Most investment rounds come with limitations on who an investor can subsequently sell their shares to. It’s not a liquid market, and sometimes no buyer will be available. So the money is stuck.
In tougher economies, even a successful seed investment might take seven to ten years before you see your returns. Given that JJ’s in-laws are already retired, is this really the right place for them to park a lot of funds?
There’s yet another quirk to consider in seed investing, and this one is a little complicated, so bear with me for some groundwork here.
Generally speaking, private company shares are not all the same.
Every round a company takes is usually led by a new investor and freshly negotiated as to price and terms. Even existing investors, if they lead a new round, will negotiate the best terms they can, based on the market for that stock at that time. And so should the entrepreneur on the other side of the table.
That’s how markets work and there is nothing wrong with that.
After a seed round is closed — through the seven-to-ten years it usually takes for that startup to grow and achieve an outcome — there will also likely be ups and downs. The company will experience them. The market will experience them. Sometimes that will happen at the same time.

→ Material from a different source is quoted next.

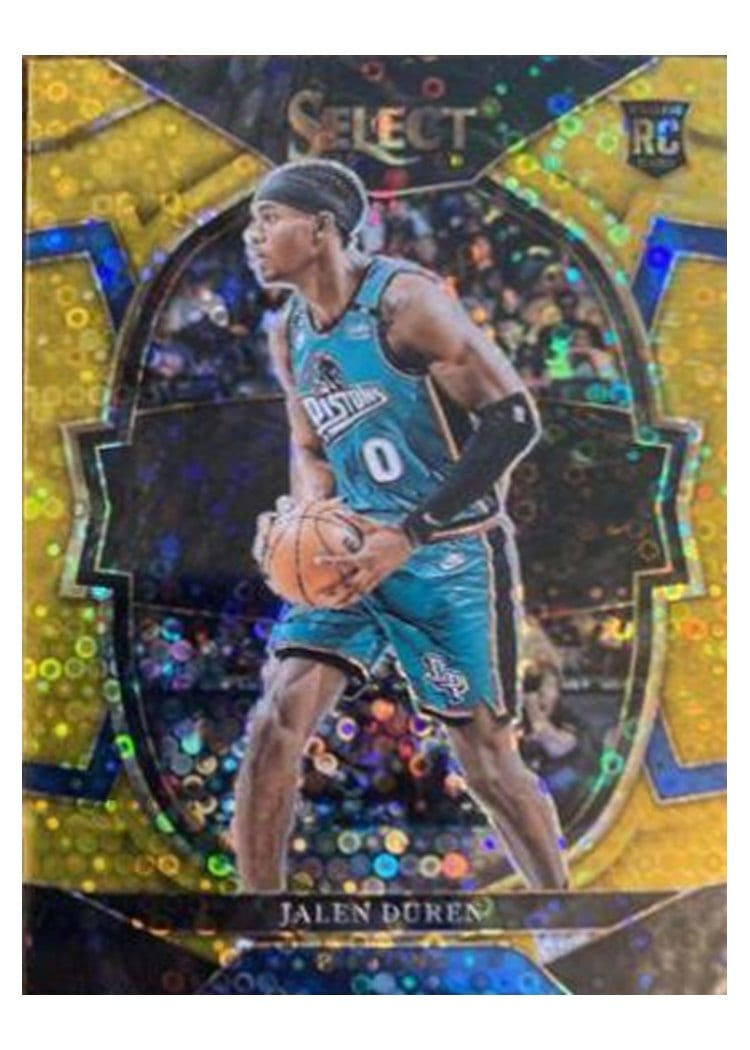 2022-23 Panini Select Base Set Jalen Duren #286 card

And how many rounds will your startup eventually raise?
There is no set rule, because every business model requires different levels of capital. I can say though, from my experience as a VC for over 20 years, that most companies require at least three to four rounds. I’ve even seen some go on to a dozen or more before they get acquired or go public — and generate that magical outcome people like to brag about at cocktail parties.
The point is, if you get stuck needing to fund-raise in either a bad company cycle, or a bad market cycle — or both — this may result in your agreeing to tougher terms to get that capital.
For example, you might agree to a term that means that the last money in will get its money out first (which in VC talk is called a “senior liquidation preference”). On top of that, you might agree that the new investor will also be entitled to a guaranteed 2x or 3x on their money in any outcome positive enough to deliver that (which is called, not surprisingly, a multiple).
In even worse times, you might only be able to raise money in a construct called a “cram-down round,” or with a term called a “pay to play provision,” which basically means that, in order for prior investors to protect their investments’ value, they have put up additional capital in this new round as well.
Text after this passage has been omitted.